The case centered on an exchange of three letters between Acceleron, a patent holding company, and Hewlett-Packard. In fall 2007, Acceleron wrote to Hewlett-Packard that it had recently acquired a patent that related to Hewlett-Packard's "Blade Servers" (apparently in reference to its BladeSystem® product). Acceleron requested "an opportunity to discuss this patent" with Hewlett-Packard, and demanded that the parties agree not to use any exchanged information for litigation purposes, including any claim that Acceleron "created any actual case or controversy." Id. at 1360. In closing, Acceleron imposed a two-week deadline for response, after which Acceleron would assume that Hewlett-Packard had "no interest in discussing this patent." Id.

In response, Hewlett-Packard expressed interest in learning more information "to conduct a complete and accurate assessment" but instead proposed a 120-day litigation standstill between the parties. Acceleron replied that Hewlett-Packard had no "basis for filing a declaratory judgment action," and that Acceleron's original letter provided "both parties appropriate protections to create a productive atmosphere." Id. at 1361. Acceleron reiterated its demand that Hewlett-Packard agree to its original terms or else it would understand that Hewlett-Packard was "not interested in discussing the patent." Id. Shortly thereafter, Hewlett-Packard filed suit in the District of Delaware seeking a declaratory judgment of non-infringement and invalidity. Acceleron filed a motion to dismiss for lack of subject matter jurisdiction.

In a decision issued post-MedImmune, the lower court granted Acceleron's motion to dismiss on the basis that its letters lacked several elements commonly needed to establish declaratory judgment jurisdiction: namely that the letters did not include "a statement of infringement, identification of specific claims, claim charts, prior pleadings or litigation history, or identification of other licensees." 601 F. Supp. 2d at 589. The lower court noted that Acceleron's failure to request a confidentiality agreement and to accept Hewlett-Packard's 120-day standstill proposal weighed in favor of finding jurisdiction, as did Acceleron's patent-holding business model.

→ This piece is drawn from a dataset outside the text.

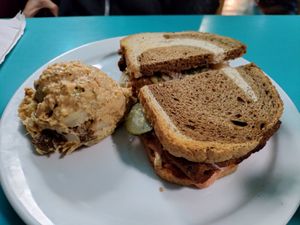 Pastrami sandwich and potato salad at Counter Culture in Austin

But under the totality of the circumstances, the lower court determined that Hewlett-Packard "jumped the gun" when it filed its complaint. Id.

The Federal Circuit reversed the lower court, ruling that jurisdiction was appropriate because Acceleron "took the affirmative step of twice contacting HP directly, making an implied assertion of its rights under the '021 patent against HP's Blade Server products, and HP disagreed." 587 F.3d at 1364. The court acknowledged that jurisdiction generally does not exist where a party merely learns of another's patent or perceives a risk of infringement, "without some affirmative act by the patentee." Id. Significantly, the court noted that Acceleron is "solely a licensing entity, and without enforcement it receives no benefits from its patents." Id.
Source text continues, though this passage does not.